How to complete this task: Only the lines below from the one that holds "Mens UK Size" through the one that holds "Wasserkocher Digital 1,7 L" should appear in the answer, copied exactly, end lines included and pictures omitted.

------ Given entries

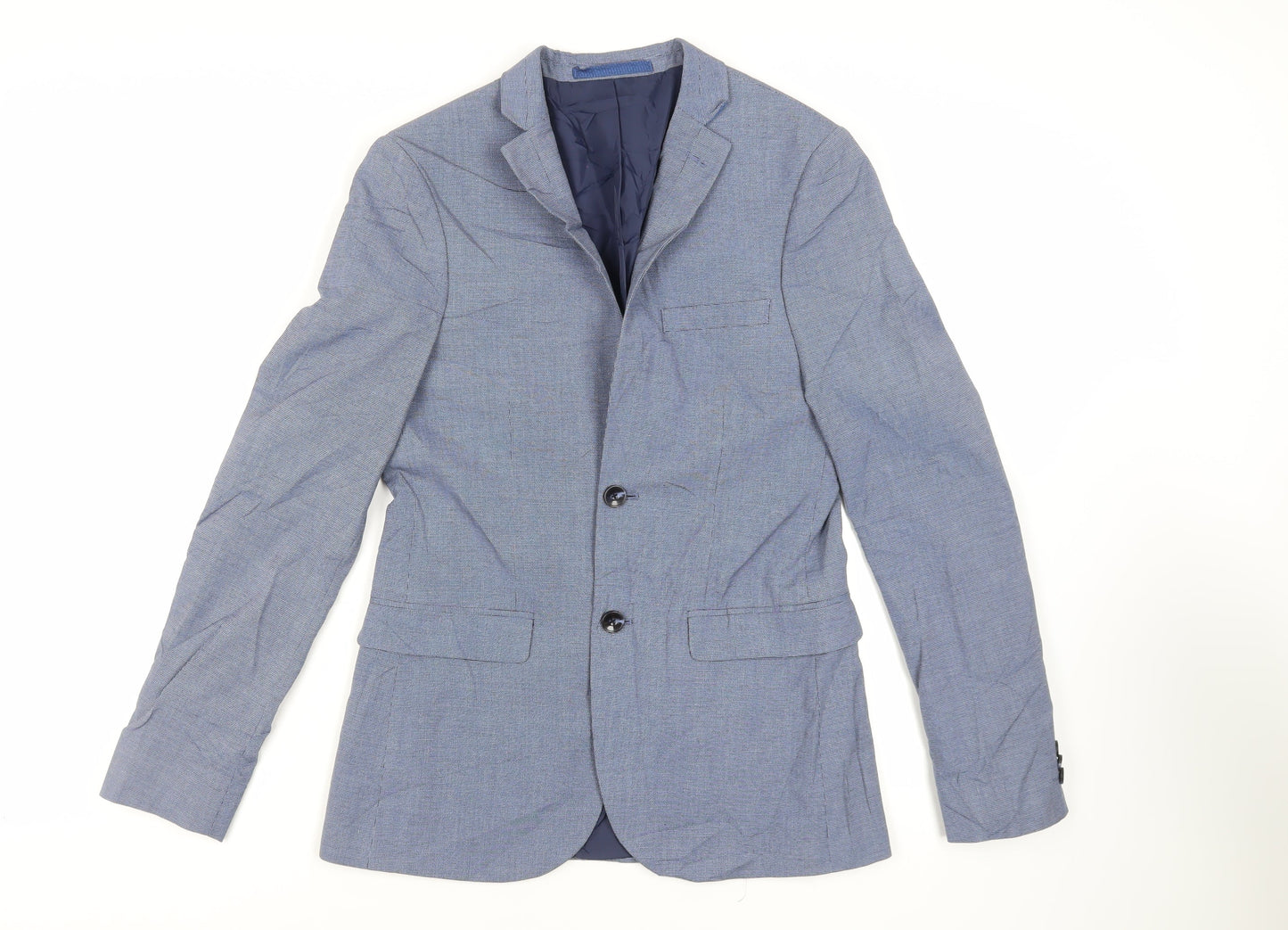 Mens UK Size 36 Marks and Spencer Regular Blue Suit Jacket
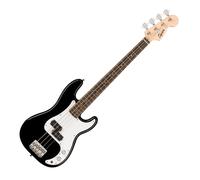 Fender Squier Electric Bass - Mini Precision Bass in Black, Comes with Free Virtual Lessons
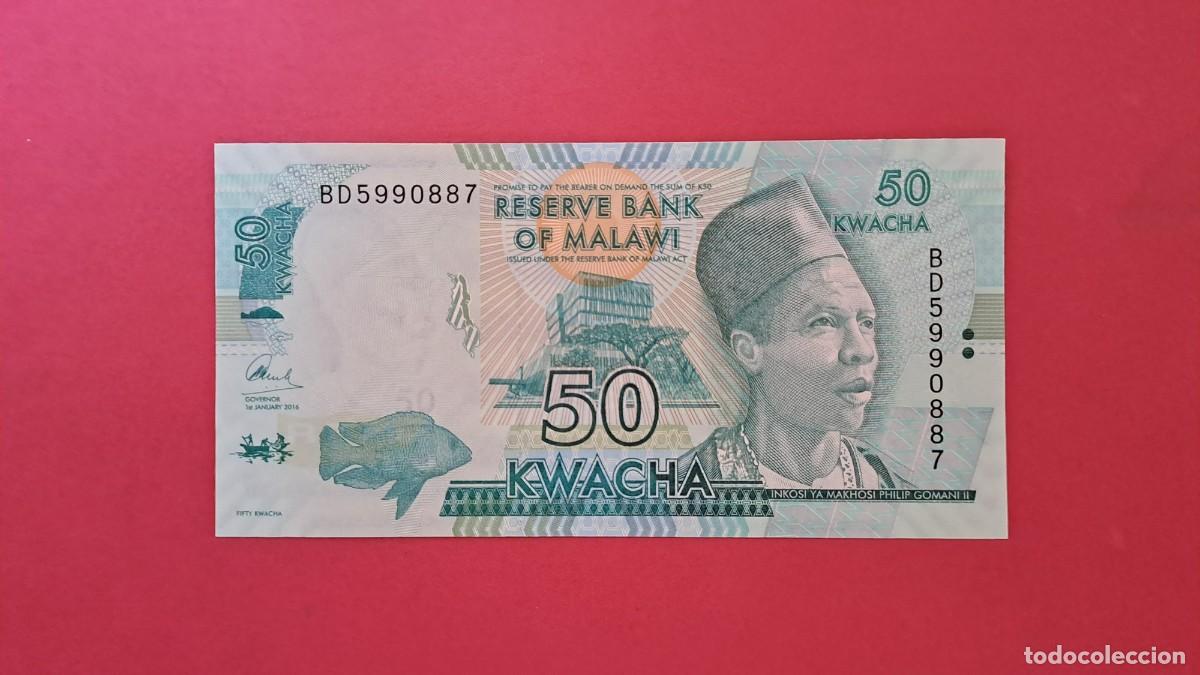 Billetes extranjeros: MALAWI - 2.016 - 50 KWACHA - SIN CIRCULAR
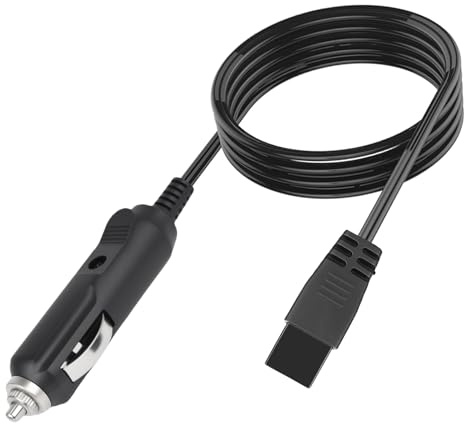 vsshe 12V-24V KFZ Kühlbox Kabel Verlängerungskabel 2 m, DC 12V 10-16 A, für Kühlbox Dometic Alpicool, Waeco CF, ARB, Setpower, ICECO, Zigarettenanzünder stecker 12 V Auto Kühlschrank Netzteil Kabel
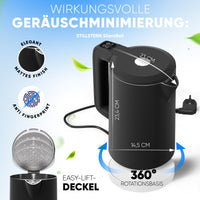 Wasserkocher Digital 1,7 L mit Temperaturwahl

------------
------ Given entries

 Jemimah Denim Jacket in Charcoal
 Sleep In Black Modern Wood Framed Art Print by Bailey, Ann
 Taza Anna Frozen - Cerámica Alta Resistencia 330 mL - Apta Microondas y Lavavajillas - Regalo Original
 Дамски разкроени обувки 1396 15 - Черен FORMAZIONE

------------

Result for this exercise:
 Mens UK Size 36 Marks and Spencer Regular Blue Suit Jacket
 Fender Squier Electric Bass - Mini Precision Bass in Black, Comes with Free Virtual Lessons
 Billetes extranjeros: MALAWI - 2.016 - 50 KWACHA - SIN CIRCULAR
 vsshe 12V-24V KFZ Kühlbox Kabel Verlängerungskabel 2 m, DC 12V 10-16 A, für Kühlbox Dometic Alpicool, Waeco CF, ARB, Setpower, ICECO, Zigarettenanzünder stecker 12 V Auto Kühlschrank Netzteil Kabel
 Wasserkocher Digital 1,7 L mit Temperaturwahl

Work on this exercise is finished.